* **Data provided**
*-*-*

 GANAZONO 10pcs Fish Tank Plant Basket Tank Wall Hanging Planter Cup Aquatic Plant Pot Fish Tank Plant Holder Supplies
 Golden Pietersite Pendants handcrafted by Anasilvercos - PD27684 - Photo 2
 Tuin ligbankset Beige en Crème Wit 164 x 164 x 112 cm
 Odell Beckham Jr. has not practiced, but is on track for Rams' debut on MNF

*-*-*

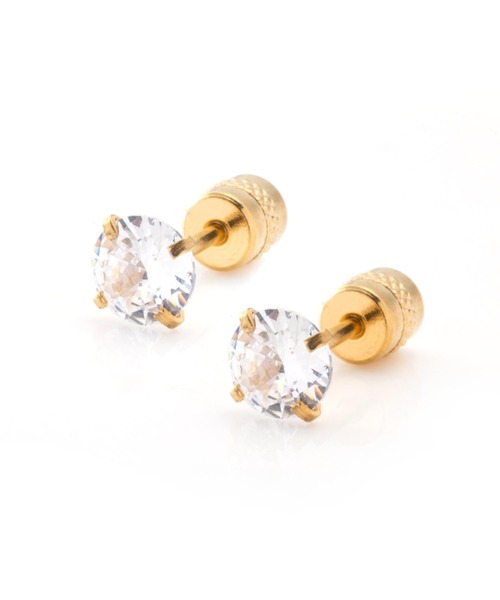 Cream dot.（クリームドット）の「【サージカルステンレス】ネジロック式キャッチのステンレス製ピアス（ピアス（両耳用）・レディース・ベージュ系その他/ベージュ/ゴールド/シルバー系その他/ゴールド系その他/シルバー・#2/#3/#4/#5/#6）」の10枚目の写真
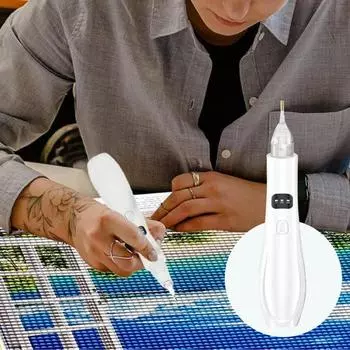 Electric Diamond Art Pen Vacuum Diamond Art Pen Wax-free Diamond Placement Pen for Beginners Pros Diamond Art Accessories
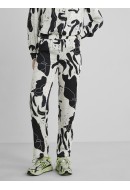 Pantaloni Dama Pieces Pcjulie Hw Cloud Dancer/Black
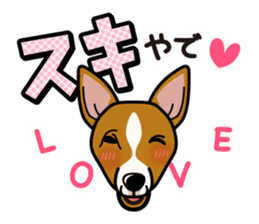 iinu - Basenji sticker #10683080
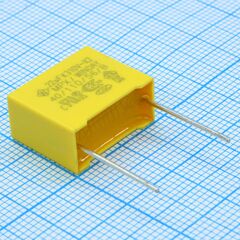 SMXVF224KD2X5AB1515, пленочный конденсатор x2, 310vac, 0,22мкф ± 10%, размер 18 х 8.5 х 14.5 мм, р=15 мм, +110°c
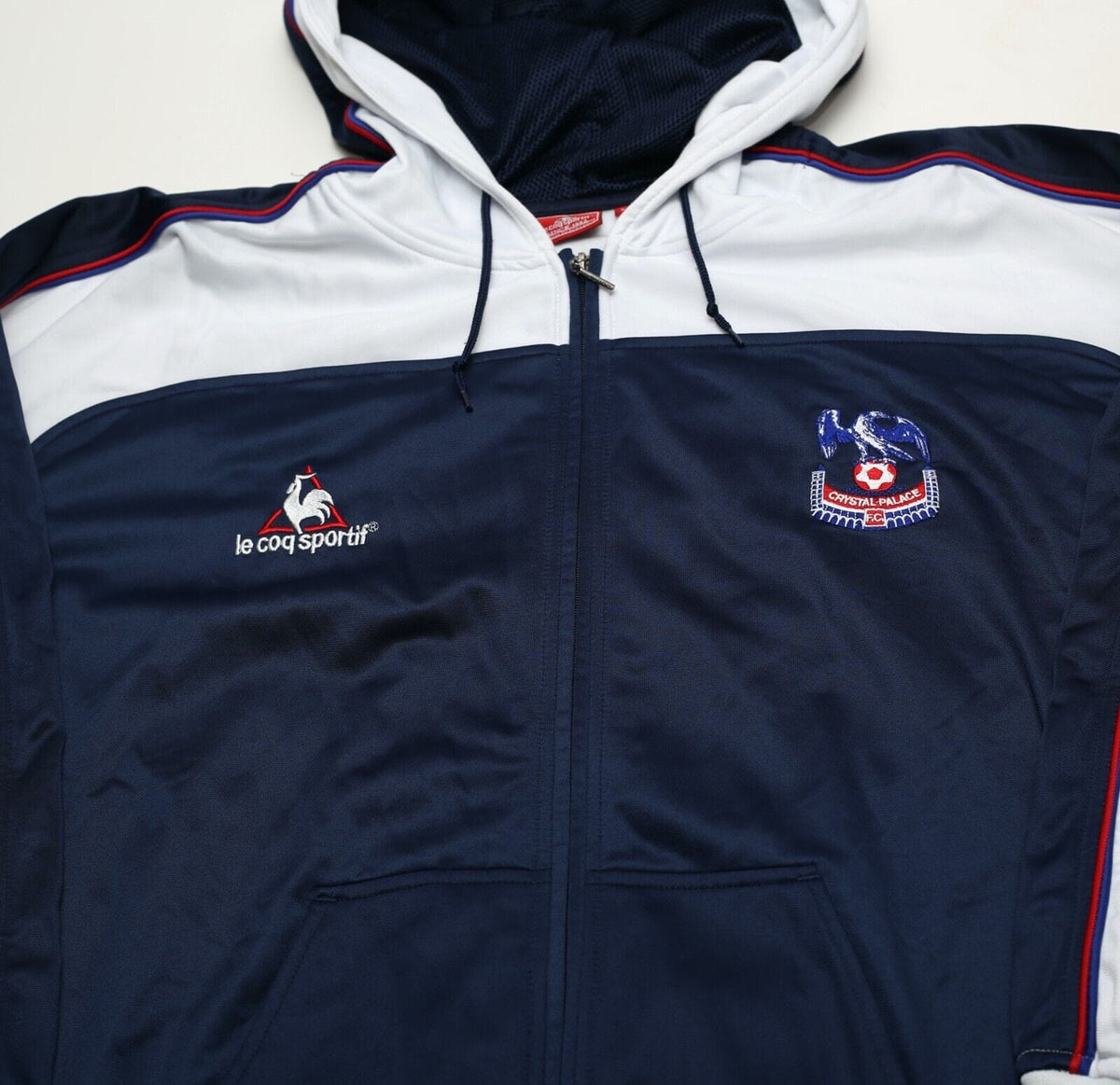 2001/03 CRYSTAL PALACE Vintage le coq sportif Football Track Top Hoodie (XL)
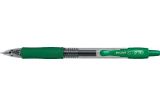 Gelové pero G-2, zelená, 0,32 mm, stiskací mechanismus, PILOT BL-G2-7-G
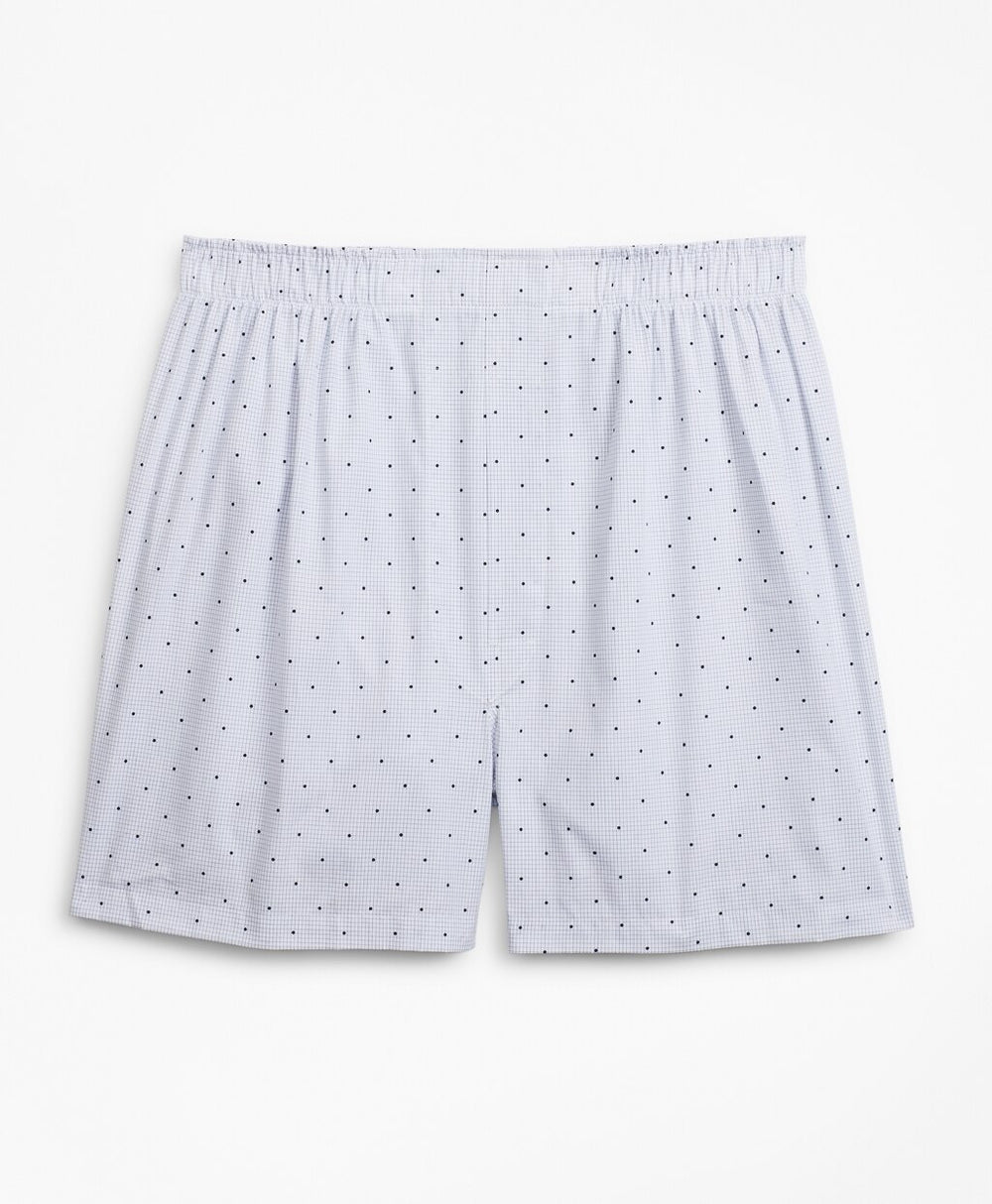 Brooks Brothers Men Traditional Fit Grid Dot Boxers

*-*-*

* **Task goal**
From the line with "iinu - Basenji sticker #10683080" up to and including the line with "Brooks Brothers Men" above, retype every line exactly and nothing more; leave out the pictures.

* **Reply to the task**
 iinu - Basenji sticker #10683080
 SMXVF224KD2X5AB1515, пленочный конденсатор x2, 310vac, 0,22мкф ± 10%, размер 18 х 8.5 х 14.5 мм, р=15 мм, +110°c
 2001/03 CRYSTAL PALACE Vintage le coq sportif Football Track Top Hoodie (XL)
 Gelové pero G-2, zelená, 0,32 mm, stiskací mechanismus, PILOT BL-G2-7-G
 Brooks Brothers Men Traditional Fit Grid Dot Boxers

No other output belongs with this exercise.